The term layoff once meant a loss of work with the expectation of getting called back when business picks up.

That's not what the word really means anymore. Maybe business slowed down or the plant simply closed, yet the precise reason won't really matter to the worker just laid off. That job is never coming back.

Understanding that difference between a break in employment due to a (hopefully) once-a-century pandemic and the permanent loss of the job is a big deal when trying to understand what's happening in the economy right now, to workers as well as businesses.

Lots of people came back to work off a furlough in May, enough to swing the total jobs number for the United States, reported last Friday, well into a positive territory. And that's great.

It's just that May was another terrible month of layoffs — the second worst month in the more than 27 years the Chicago outplacement firm Challenger, Gray & Christmas, Inc. has been tracking layoff announcements of U.S. employers.

A little more than half of these job cuts were attributed directly to the COVID-19 pandemic, according to the firm's research, presumably to the actions taken to slow down the spread. But the rest of the layoffs were attributed to things like market conditions or a slowdown in demand.

As you maybe remember from last week, pretty much nobody foresaw the headline number of the jobs report of last Friday, a gain of 2.5 million jobs. That includes the economists regularly polled by Bloomberg. And they didn't just miss it, they missed it by two country miles.

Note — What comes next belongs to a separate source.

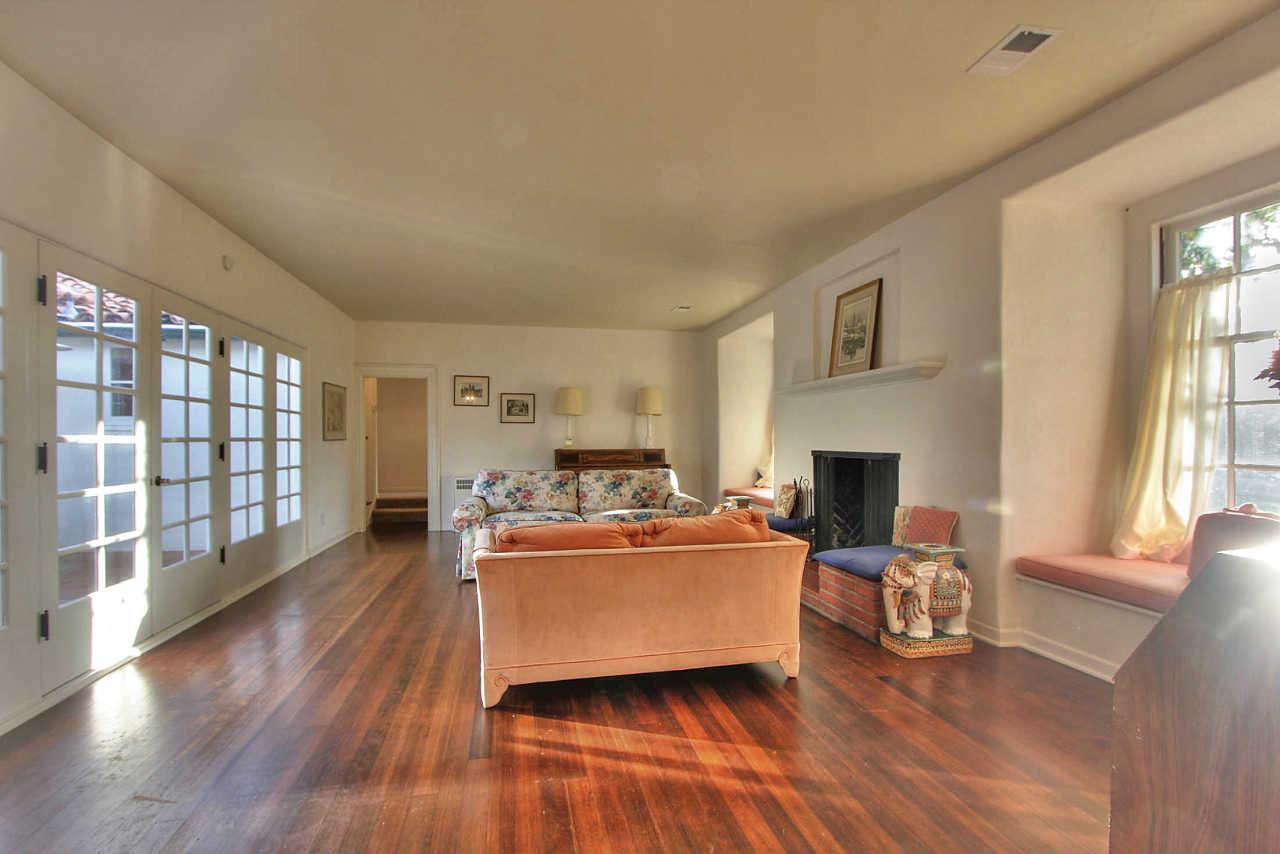 3035 Valdez Road Pebble Beach, CA 93953 - Photo 4 of 60 a living room with furniture and a fireplace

There were technical hiccups in the report, suggesting that the real unemployment rate was more like 16.4% rather than the 13.3% that was reported, although that same adjustment would have been appropriate in April. In either case, the labor situation really did improve in May.

Down in the details, you can see that a lot of growth in jobs came from restaurant workers going back to work in May, even though full dining-room service in restaurants still wasn't the norm.

This report gets prepared from surveys, including one of households about their work status, and that's where this report got even more interesting. The total number of people on temporary layoff, which shot to a staggering 18 million in April, actually declined in May by about 2.7 million workers as employers called them back.

"This was sort of the low-hanging fruit," said Lindsey Piegza, chief economist for Stifel Financial. "We are still net down more than 20 million jobs. Going forward now, the question is even if they were reported as temporarily furloughed, and they could have been at the time it was reported, are they going to be immediately recalled or are they going to roll into a state of permanent joblessness?"

The total for permanent job losses is up by more than 1 million workers since earlier this year. Meanwhile, small businesses have been shutting down, at least according to a new paper that seems to be the first to look into recent small-business closures.

From February to April the number of active small-business owners, and these are the true mom-and-pops, declined from 15 million in February to fewer than 12 million in April.

It was, according to author and economist Robert W. Fairlie of the University of California Santa Cruz, yet another level of economic disruption in the pandemic era that we have never seen before. The loss of small businesses was greater than the total number that shut down during the Great Recession of the 2000s.

More than one-third of immigrant business owners shut down and the toll was even higher for black business owners, experiencing a 41% decline. The only industry that seemed to get spared was agriculture.

Fairlie acknowledged he could not know how many business owners will get back at it if customers are more inclined to spend this summer or fall.

Yet it was still telling that nearly 1 in 5 business owners working in a field deemed "essential" and thus not subject to government restrictions as the pandemic accelerated had still shut down this spring, although that was less than half the rate of businesses considered nonessential.

"We could see a second round of very significant layoffs," said Piegza, "if in fact the number of businesses, when the PPP [federal funding] runs out, when we start to reopen, realize that they can't continue. It's a bit premature to say that we can see the light at the end of the tunnel."

She agreed that there could be waves of falling and rising economic activity as formal rules on social distancing end, with upticks in virus cases causing more consumers to stay home, whether their governor or County Board asked them to or not.

One of the interesting aspects of all downturns in the economy is they start happening before most of us realize it. That's the way they end, too, often when the unemployment, bankruptcies and just plain misery seems to be the worst.

The official umpire of such things, at the National Bureau of Economic Research, announced that the U.S. economy peaked in February, so that's when the new recession began. Recessions end when things have stopped getting worse and the economy starts growing again.

That's one of the most interesting things about the moment we are in right now, how the 2020 "pandemic recession" might soon be considered over — with a double-digit unemployment rate and a long road ahead to get back to anything approaching the economy as it was before.